DP: I read that your other producer, Braden Bergan, spent time in a town not far from Newtown. Were you advised by her or anyone else on what to expect and how to conduct yourself when approaching the kids?
LK: Ultimately, the parents guided us. Even as we were shooting the callbacks and rehearsals, we were meeting with them. We’d ask them what was permissible and good to ask their kids, not just on camera but during the course of a day. And I never interviewed a child without their parents being there.
DP: It is interesting hearing Tain recall being protective of his special-needs best friend Will during the attack on the school. In your experience with the kids, did you ever hear them talk to each other about that day?
LK: No, but they would talk to me about it. They’d think I wanted to know about a friend of theirs and they might tell me a story. We didn’t have permission to include those moments in the movie. Even for the people who are talked about, we also made sure we had permission to use the footage. Very often when we talked about The Day with a kid it would be near the end of the interview. I waited for the kids to reference something about it and that would lead to a discussion about it. How much we’d deal with The Day was a constant source of discussion in production and post-production. What is the correct balance? I had two hundred hours of interviews and we could have reconstructed every moment of The Day. We wanted to have the story of The Day in our film but we didn’t want to have too much and submerge the story we were most interested in. Michael was concerned too because he wanted to focus on the play, not The Day.
DP: You say in the press notes, “Without minimizing Michael Unger’s accomplishments, our job wasn’t to show a performance of the play. The play simply provides up with a context in which to tell the story of how Newtown is finding a future with positivity and strength after enduring such a terrible tragedy.”

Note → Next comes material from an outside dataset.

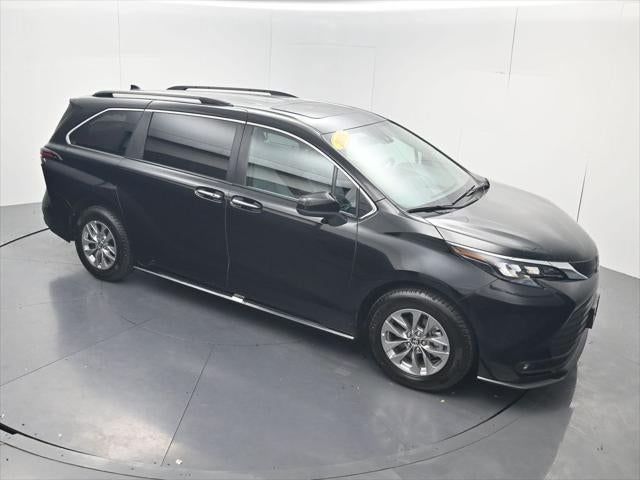 2026 Toyota Sienna XLE 8 Passenger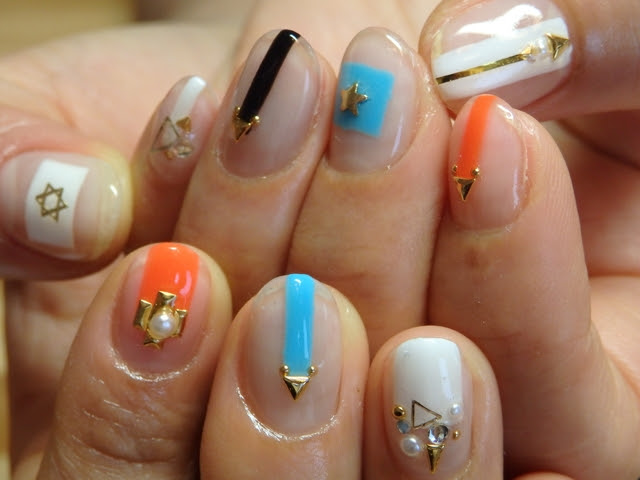 個性を大切にしているセンスある大人女子がwith Me Nailに通う理由 高松 屋島 春日 牟礼 ネイルサロン 香川県高松市の 爪を育てる ネイルサロン With Me Nail 口コミで40代50代以降の女性に人気の秘密は 爪の形は３ヶ月で自信に変えられる から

LK: That helps explain how we present the play on opening night. We include moments from a number of scenes, but we don’t show it scene by scene. So if you want to know every plot twist and turn of “A Midsummer Night’s Dream” you’re not going to get it from watching this movie. Believe me, early on we considered whether to show the whole production. But we realized that wasn’t what our story was. We wanted to show enough of what’s going on in the play that’s relative to the theme of what’s going on with these kids and this town and show how the arts can inspire people and bring them together for a common purpose. We also wanted to show how the arts can say something about the human condition. We wanted to get at the humanity and watch people do it together, through a collaboration. When I was first there, I was thinking that doing something like this musical was the perfect antidote to the worst that can happen, the worst of humanity. The worst of humanity is killing. The antidote is to be in this loving group and doing something positive that you can share with your community. The kids were being imbued with that.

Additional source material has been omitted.